Problem details: Quote verbatim the span of lines that begins the listing below and closes with the line containing "2% Yorkshire".

Data for the task:
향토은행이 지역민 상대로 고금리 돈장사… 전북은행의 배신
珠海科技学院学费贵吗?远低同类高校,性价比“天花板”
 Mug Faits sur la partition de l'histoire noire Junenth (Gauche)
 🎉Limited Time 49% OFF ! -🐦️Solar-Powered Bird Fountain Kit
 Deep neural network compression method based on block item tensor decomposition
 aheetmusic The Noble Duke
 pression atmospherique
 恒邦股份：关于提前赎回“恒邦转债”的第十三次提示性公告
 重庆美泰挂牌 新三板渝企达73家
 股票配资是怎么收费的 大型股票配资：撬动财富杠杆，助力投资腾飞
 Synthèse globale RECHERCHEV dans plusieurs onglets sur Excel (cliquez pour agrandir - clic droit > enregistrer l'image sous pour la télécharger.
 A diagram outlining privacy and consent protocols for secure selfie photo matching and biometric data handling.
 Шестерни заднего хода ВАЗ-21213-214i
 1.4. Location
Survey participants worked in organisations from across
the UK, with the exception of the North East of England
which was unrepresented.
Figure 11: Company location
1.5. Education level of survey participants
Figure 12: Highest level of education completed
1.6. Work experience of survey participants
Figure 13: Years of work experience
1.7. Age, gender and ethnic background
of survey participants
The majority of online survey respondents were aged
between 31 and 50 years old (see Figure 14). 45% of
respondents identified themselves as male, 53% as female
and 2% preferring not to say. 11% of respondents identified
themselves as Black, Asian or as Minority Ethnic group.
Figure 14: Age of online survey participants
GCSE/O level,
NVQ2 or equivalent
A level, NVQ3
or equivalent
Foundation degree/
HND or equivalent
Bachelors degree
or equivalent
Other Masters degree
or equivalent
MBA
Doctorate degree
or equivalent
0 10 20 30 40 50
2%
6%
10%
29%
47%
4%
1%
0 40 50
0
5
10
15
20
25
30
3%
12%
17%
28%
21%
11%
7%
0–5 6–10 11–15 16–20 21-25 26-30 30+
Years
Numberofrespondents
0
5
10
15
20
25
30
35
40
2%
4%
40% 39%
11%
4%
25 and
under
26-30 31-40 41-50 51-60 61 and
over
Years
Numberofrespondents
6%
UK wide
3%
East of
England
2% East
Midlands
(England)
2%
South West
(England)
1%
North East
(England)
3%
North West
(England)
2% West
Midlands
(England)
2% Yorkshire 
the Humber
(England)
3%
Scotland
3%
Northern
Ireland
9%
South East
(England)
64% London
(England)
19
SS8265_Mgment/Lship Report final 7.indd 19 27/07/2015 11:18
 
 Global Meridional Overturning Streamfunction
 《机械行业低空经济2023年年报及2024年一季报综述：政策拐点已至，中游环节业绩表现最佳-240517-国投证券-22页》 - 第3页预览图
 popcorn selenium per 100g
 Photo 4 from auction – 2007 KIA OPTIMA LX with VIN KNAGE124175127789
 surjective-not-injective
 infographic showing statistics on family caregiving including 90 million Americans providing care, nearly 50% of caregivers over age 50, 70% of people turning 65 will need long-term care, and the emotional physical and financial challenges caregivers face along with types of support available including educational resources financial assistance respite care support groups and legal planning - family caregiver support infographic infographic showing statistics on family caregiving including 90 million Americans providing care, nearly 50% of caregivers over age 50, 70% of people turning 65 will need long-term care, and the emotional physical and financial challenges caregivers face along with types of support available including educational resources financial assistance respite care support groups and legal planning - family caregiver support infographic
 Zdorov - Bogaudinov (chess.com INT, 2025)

Written solution:
향토은행이 지역민 상대로 고금리 돈장사… 전북은행의 배신
珠海科技学院学费贵吗?远低同类高校,性价比“天花板”
 Mug Faits sur la partition de l'histoire noire Junenth (Gauche)
 🎉Limited Time 49% OFF ! -🐦️Solar-Powered Bird Fountain Kit
 Deep neural network compression method based on block item tensor decomposition
 aheetmusic The Noble Duke
 pression atmospherique
 恒邦股份：关于提前赎回“恒邦转债”的第十三次提示性公告
 重庆美泰挂牌 新三板渝企达73家
 股票配资是怎么收费的 大型股票配资：撬动财富杠杆，助力投资腾飞
 Synthèse globale RECHERCHEV dans plusieurs onglets sur Excel (cliquez pour agrandir - clic droit > enregistrer l'image sous pour la télécharger.
 A diagram outlining privacy and consent protocols for secure selfie photo matching and biometric data handling.
 Шестерни заднего хода ВАЗ-21213-214i
 1.4. Location
Survey participants worked in organisations from across
the UK, with the exception of the North East of England
which was unrepresented.
Figure 11: Company location
1.5. Education level of survey participants
Figure 12: Highest level of education completed
1.6. Work experience of survey participants
Figure 13: Years of work experience
1.7. Age, gender and ethnic background
of survey participants
The majority of online survey respondents were aged
between 31 and 50 years old (see Figure 14). 45% of
respondents identified themselves as male, 53% as female
and 2% preferring not to say. 11% of respondents identified
themselves as Black, Asian or as Minority Ethnic group.
Figure 14: Age of online survey participants
GCSE/O level,
NVQ2 or equivalent
A level, NVQ3
or equivalent
Foundation degree/
HND or equivalent
Bachelors degree
or equivalent
Other Masters degree
or equivalent
MBA
Doctorate degree
or equivalent
0 10 20 30 40 50
2%
6%
10%
29%
47%
4%
1%
0 40 50
0
5
10
15
20
25
30
3%
12%
17%
28%
21%
11%
7%
0–5 6–10 11–15 16–20 21-25 26-30 30+
Years
Numberofrespondents
0
5
10
15
20
25
30
35
40
2%
4%
40% 39%
11%
4%
25 and
under
26-30 31-40 41-50 51-60 61 and
over
Years
Numberofrespondents
6%
UK wide
3%
East of
England
2% East
Midlands
(England)
2%
South West
(England)
1%
North East
(England)
3%
North West
(England)
2% West
Midlands
(England)
2% Yorkshire 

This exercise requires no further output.